Ctera is next on their list of integrated products on their appliance. It’s a cloud storage system that is based on heavy, end to end encryption. You have a local store and then a cloud store. You may have heard of the Ctera CloudPlug. They also make larger devices for SMBs.
Next, the appliance tackles the issue of desktop management. It uses Panologic devices as a nextgen thin client. The Buzzword is that it’s a “no client”. There’s no moving parts, no storage, no CPU, no OS. It’s not a traditional PC in that a thin client is just a PC that’s stripped down. There little cubes that are simply a place to plug in a video cable and four USB devices. It’s best use in networks that are sub 10ms. For offsite use of datecenter VDIs, there’s a serialized USB thumbdrive that you can plug into any PC, no matter how hosed it is with virii, and it will connect to the VDI instance as a secure session. It relies on a hypervisor like VMWare, Citrix and/or HyperV. Panologic uses it’s own connection broker, of VMWare View / Citrix XenDesktop. The DVM provisioning and hypervisor are the same as any other VDI implementation.
The last product is called MailScape that is a monitoring solution for Exchange, Active Directory, ActiveSync, BES. Purportedly better than SCOM.
Basically, this session wasn’t about SIEM as much as it was a pitch for JCS and Associates’ own hand-rolled appliance mash-up. It looks decent. It really does. It takes these products, ties them together and allows for some seemingly in-depth reporting in a single place to facilitate SIEM so that you can make sure everything has been working to your specifications. However, this wasn’t anything that was precisely groundbreaking. It’s a mash-up. A good looking mashup, but still… it wasn’t about SIEM as much as it was about an appliance that provided a ton of features and then had a SIEM component in it.

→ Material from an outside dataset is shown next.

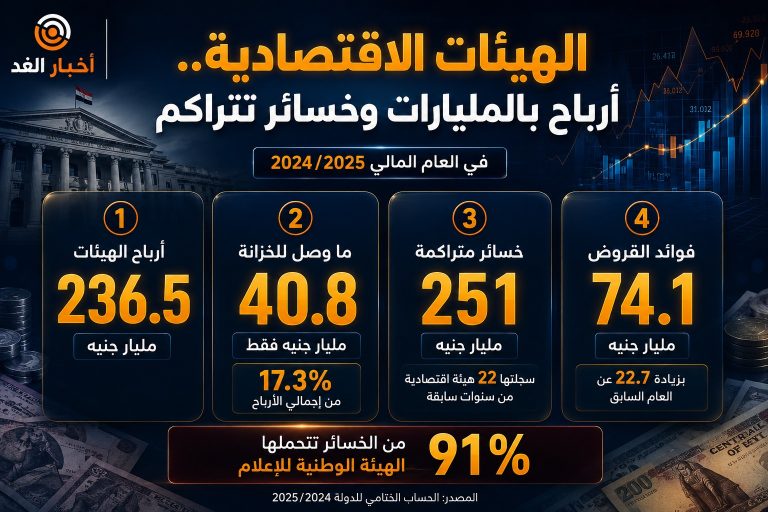 الهيئات الاقتصادية.. أرباح بالمليارات وخسائر تتراكم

12:15 to 2:45 FOOOOD! Gabbing. Vendor surfing. I ate a hearty meal, robbed the goodie bar and then sat around and talked with some other participants. I spoke to two in particular that had different companies with symbiotic relationships between them. They were local IT, security and etc. providers. We shared stories (some really, really wild ones that shall not be reprinted) and business tips. I learned a lot from them. I then vendor surfed, dropped business cards, asked for info and again learned a ton about the local business climate.
Keynote: Chris Roberts of One World Labs gave a security / hacker themed keynote. He was witty and a good presenter. The presentation was ho-hum with plenty of the same “Oooo” and “Ahhhh” stories of “hacking” exploits that could have crippled businesses, enterprises, prisons, power plants, military installations and the like. I’m not taking anything away from Chris, however, these kinds of talks are a dime a dozen among security conferences. Then again, nothing original was promised, so that’s fine. It causes one to stop and think about their own security practices. It was a good refresher talk.
You can see a few minutes of the same talk given at an earlier conference here:
You can see him in a drama filled video complete with crying women and violins here:
Afterwards there was a raffle for tons of vendor prizes. I won a Nintendo Wii that included an extra wand, an extra “Nunchuk” and a copy of AMF Bowling. I was going to sell it on eBay for a few dollars, but decided to give it to my mom to play with. She’s been eyeing one for a while now.
All in all it was a fine vendor driven conference. Nothing groundbreaking, nothing terribly disappointing. I learned about new vendors, was re-acquainted with some old ones and got a Wii. What more can one ask for?